From the records that follow, return exactly the lines beginning at the one that contains "高中生能报哪些学校专科_高中生能报哪些学校专科专业" and ending at the one that contains "Cute sea lion", pictures left out.

===== Source material

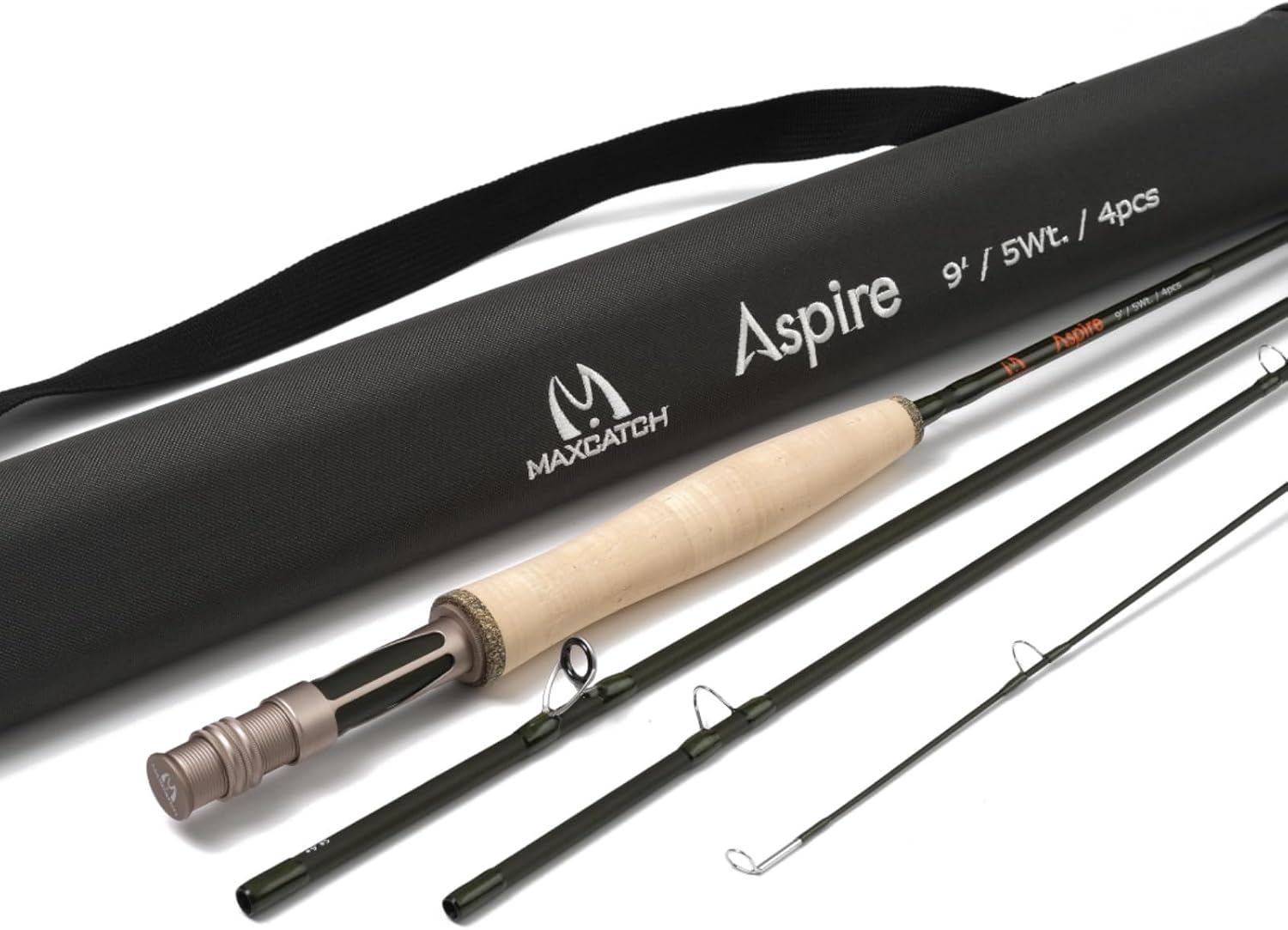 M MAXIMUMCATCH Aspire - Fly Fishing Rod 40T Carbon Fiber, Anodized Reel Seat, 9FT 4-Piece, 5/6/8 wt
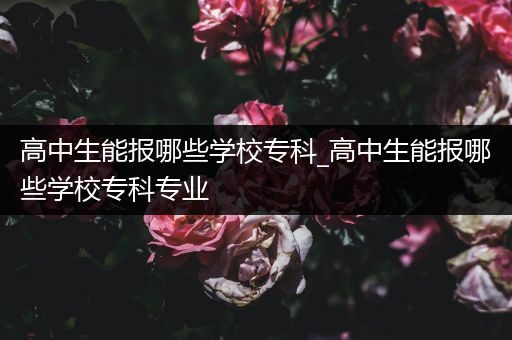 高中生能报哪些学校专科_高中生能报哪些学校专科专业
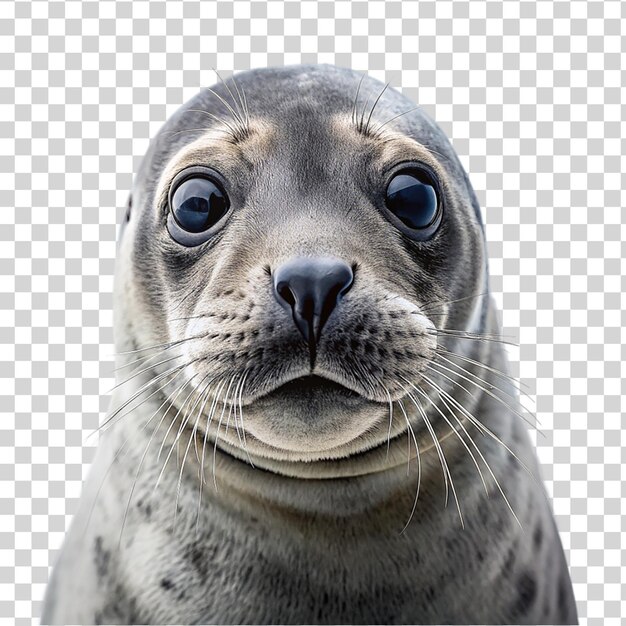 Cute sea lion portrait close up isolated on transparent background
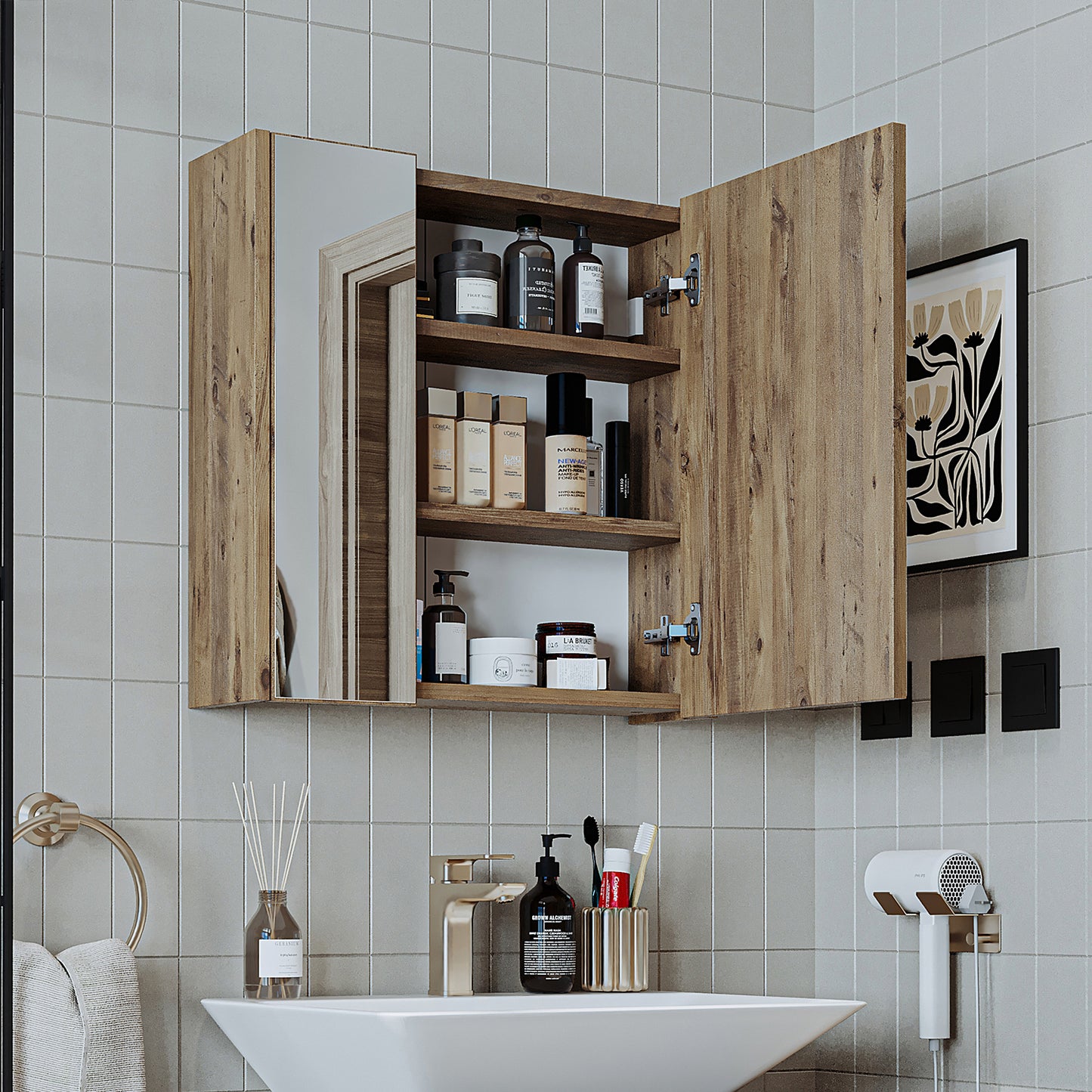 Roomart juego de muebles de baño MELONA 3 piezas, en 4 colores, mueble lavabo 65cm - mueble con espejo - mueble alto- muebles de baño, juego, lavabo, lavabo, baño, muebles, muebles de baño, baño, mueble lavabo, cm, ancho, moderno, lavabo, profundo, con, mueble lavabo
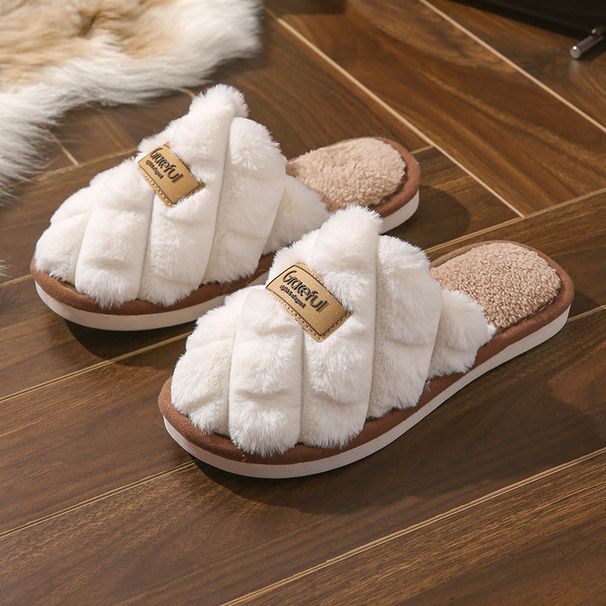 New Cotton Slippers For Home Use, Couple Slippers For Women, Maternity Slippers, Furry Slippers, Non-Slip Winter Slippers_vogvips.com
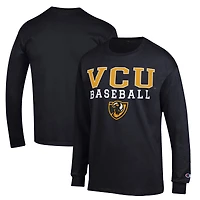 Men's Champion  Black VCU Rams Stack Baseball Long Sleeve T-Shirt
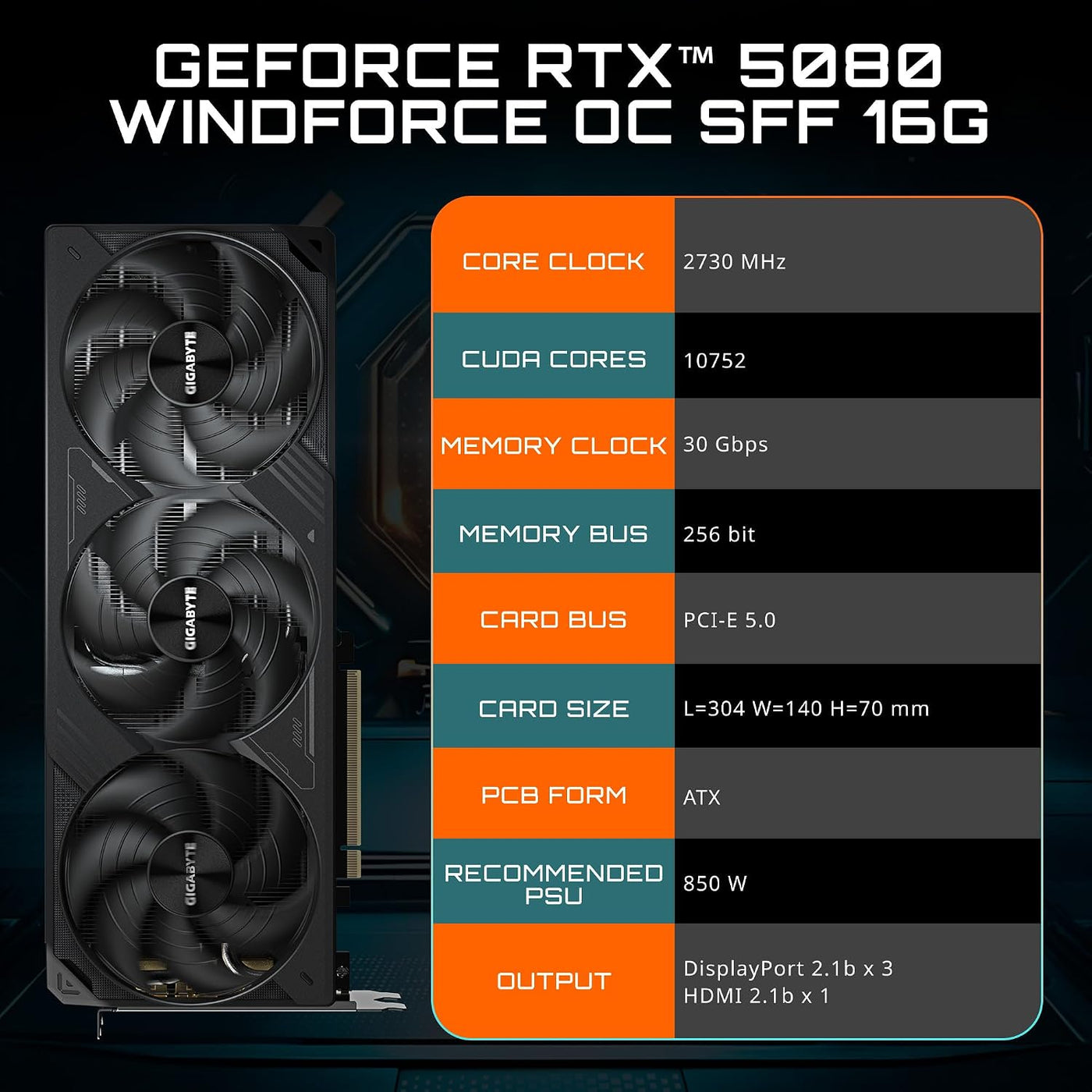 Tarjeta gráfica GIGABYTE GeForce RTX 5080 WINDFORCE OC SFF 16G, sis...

==========

**Worked solution:**
 高中生能报哪些学校专科_高中生能报哪些学校专科专业
 Cute sea lion portrait close up isolated on transparent background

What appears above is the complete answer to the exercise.